Selected drugs included known KRAS inhibitors, positive controls, and negative controls.

### E-distance
- Used precomputed `scVi` embeddings from Tahoe-100M.
- Calculated distances to plate-paired `DMSO_TF` for each drug and cell line.
- Visualized results.

### MSE
- Applied similar steps as E-distance.
- Started from **pseudobulk samples** provided in the dataset.

### Augur
- A **scRNA classifier** to quantify separability between control and perturbed groups.
- Score of 1 indicates high separability.
- Applied across all cell lines and drug perturbations.

### CellCap
- A **generative model** for perturbation data.
- Models correspondence between basal state and measured perturbation.
- Learns interpretable response programs as weighted gene sets.

---

## Results

- **E-distance** and **MSE** failed to detect context-specific drug effects across selected KRAS cell lines.
- **Augur** and **CellCap**:
  - Detected strong responses in **KRAS-G12C** lines.
  - Captured cell-specific gene expression programs linked to KRAS mutations.

---

## Discussion

The discovery of novel cancer therapies is limited by the lack of generalizable experimental and computational workflows. In a proof-of-concept analysis, we tested four computational methods on the Tahoe-100M dataset for identifying context-specific responses to KRAS inhibitors.

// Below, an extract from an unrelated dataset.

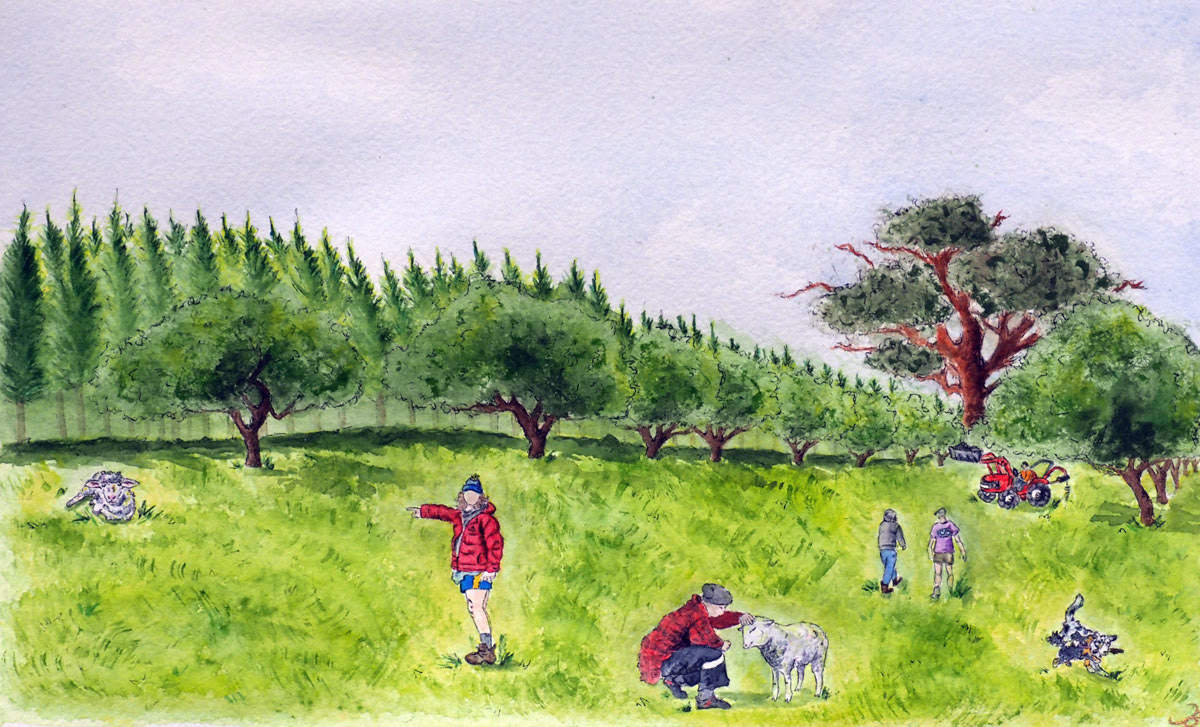 Brigadoon-by-Brooke-watercolour-and-fineliner-on-coldpress-paper-18-x-29.5cm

- **Augur** and **CellCap** succeeded in detecting KRAS-inhibitor effects in KRAS-G12C cell lines.
- **E-distance** and **MSE** failed to differentiate responses.

We hypothesize that the success of Augur and CellCap lies in their ability to utilize **local, pathway-level expression** rather than global transcriptomic changes.

Preliminary results highlight genes associated with the **Ras-Raf pathway**, suggesting a targeted effect by the drugs.

### Future Directions
We aim to:
- Scale our approach to all cell lines and drugs in Tahoe-100M.
- Identify potential **cell-type specific drugs**.
- Propose **candidates for clinical development**.